The early-access release is available for download for $20. The final product is expected to ship by years end. Last month, Sun announced plans to release an unbundled version of Solaris 9 for non-Sun x86 hardware at a cost of $99 for a single-CPU system.
The announcement followed months of uncertainty about Suns Solaris 9 intentions. The company said last January it would defer development of the Solaris 9 Intel version for financial reasons. A week later, it announced plans to meet a group of customers and developers to work out a compromise.
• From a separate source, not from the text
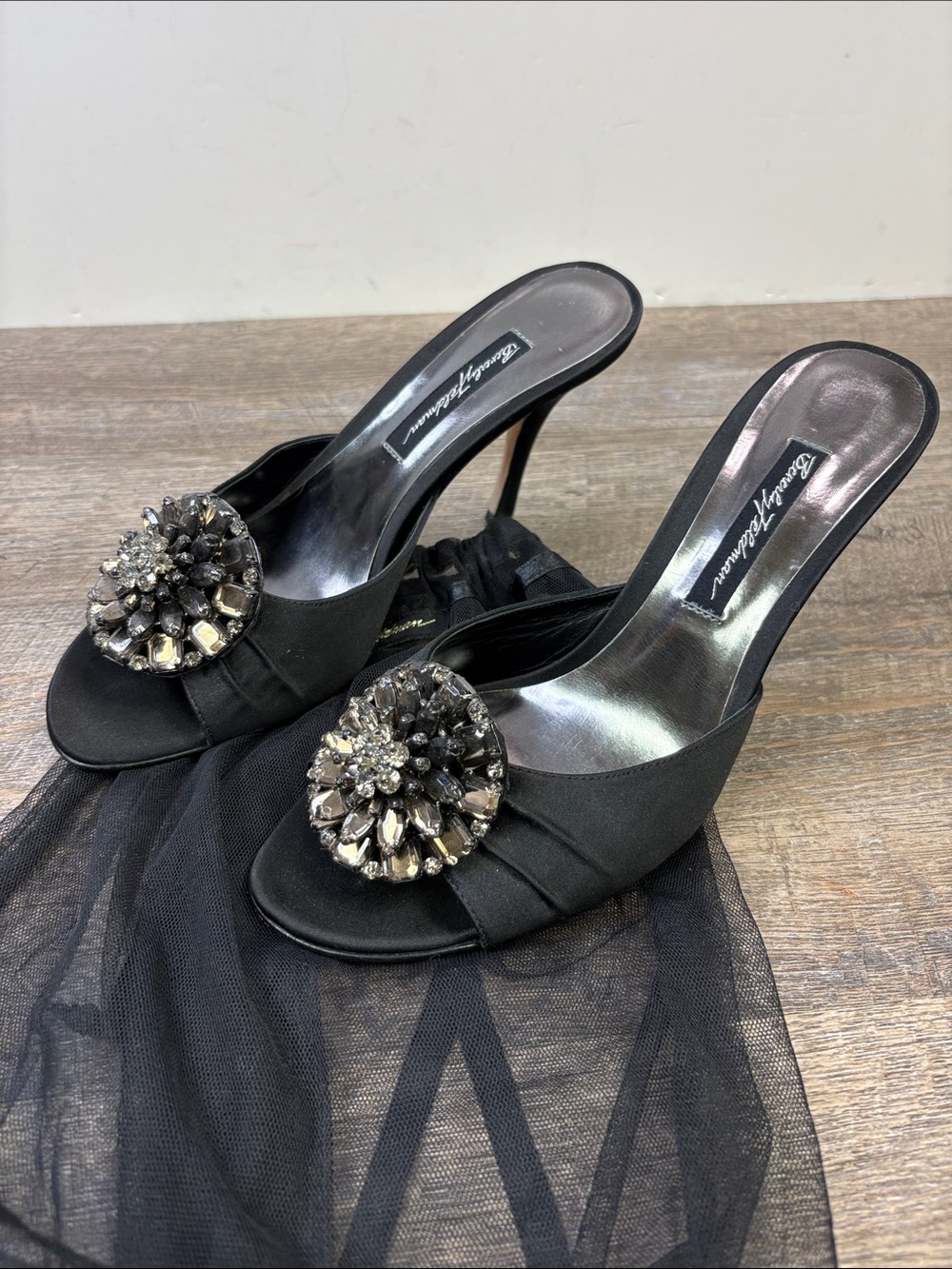 🖤Beverly Feldman Bravado Embellished Satin Mule Heels Black Crystal Size 8.5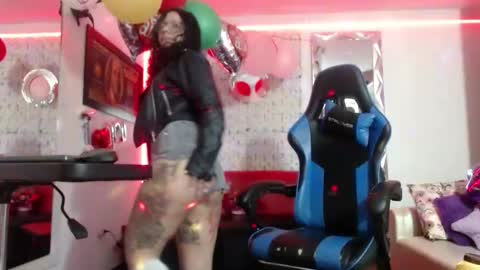 lola_fiery online show from 02-24-25, 12:48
And in August, Sun announced that it will support Solaris 9 only on its own x86-based hardware.
Jonathan Schwartz, executive vice president of Suns software group, told eWeek he regretted what had happened with Solaris on x86 but said Sun had ultimately kept its word to customers.
Sun is seeing good demand for Solaris 8 on its LX50 Intel-based hardware, with about one-third of orders requesting it, Schwartz said.
Software Orchestrations DuBoff said the Solaris community is happy Sun has backed up its words with a product, even if it is an early-access version.
“Its been quite a while since Sun announced the postponement of Solaris x86, and its already been a month or two since they announced they would bring it back officially. So it is good to see them finally getting things together,” DuBoff said.
Suns Moffitt said that while Sun will supply and support its Sun ONE products on the x86 operating system as a stack, some of this will be bundled for free on its LX50 hardware later, along with other components that were supplied under various licensing terms.
“So there wont be parity between Sun hardware and non-Sun hardware going forward,” Moffitt said. “There will be an element of software that the LX50 comes with that the non-Sun hardware wont get in the future. … The general principle we are operating on is that if it is available for SPARC, it should be available for the LX50.”